Boeing to build combo airship-copter flying cranes
Canadians plan worldwide rental whirlyblimp service
Aerospace behemoth Boeing has announced that it will build a hybrid airship/helicopter combination aircraft, able to lift heavy loads across long distances. Boeing will work with Canadian firm SkyHook International.
"SkyHook secured the patent for this neutrally buoyant aircraft and approached Boeing with the opportunity to develop and build the system," said Boeing whirlybird chief Pat Donnelly. "We conducted a feasibility study and decided this opportunity is a perfect fit."
Have bag, will travel.
The planned JHL-40 will use a helium-filled lifting envelope with both lift rotors and swivelling propulsors attached. The helium will make the aircraft neutrally buoyant, meaning that the entire rotor thrust will be available for lifting loads. This will mean greater fuel efficiency than a normal helicopter, but will avoid the problems suffered by a normal, rotorless airship on depositing a heavy cargo*. The swivelling thrusters will mean that the JHL-40 can hover with great precision, picking up and setting down loads as accurately as a crane.
According to the planned spec, the gasbag-chopper combo will be able to lift a load of forty tons and move it 200 miles without refuelling. This is twice as much load as the biggest current helicopters can manage. Boeing and SkyHook say there are companies queuing up to hire JHL-40s, excited by the prospects of much easier transport in remote or harsh-climate regions without good roads. The plan is that Boeing will build the JHL-40s and SkyHook will own and operate them.
SkyHook say that JHL actually stands for "Jess Heavy Lifter" after the company CEO Pete Jess - no relation to the US military project, Joint Heavy Lift - and claim the machine will be "the first of its kind". Those who recall the ill-fated Piasecki Heli-Stat might dispute that last bit, however. The Heli-Stat was remarkably similar to the JHL-40, but didn't have the financial muscle that Boeing will be able to provide this time around. It was made by fixing together a retired US Navy blimp and the front ends of some old Sikorsky helicopters. The JHL-40 graphics (beware - Flash) suggest a rather more polished product.

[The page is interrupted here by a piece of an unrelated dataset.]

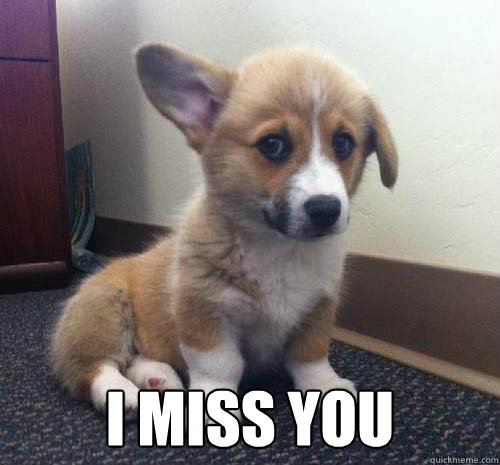  i miss you -  i miss you  Miss You Corgi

SkyHook even claims that the new blimpcopter air-cranes will even offer an environmental benefit, in that big roads for construction equipment and so forth won't need to be built - a JHL-40 could be used instead. That sounds a little suspicious, but overall it seems a nifty idea. ®
* The airship would suddenly be very positively buoyant, and would soar upwards uncontrollably. Even if the pilot refused to vent off gas, this decision would soon be taken out of his hands as "pressure height" was reached, where the expanding gas completely fills the envelope. Automatic valves would then dump the gas to prevent the ship bursting. As helium is expensive, it can't be thrown away like this every time a load is dropped off.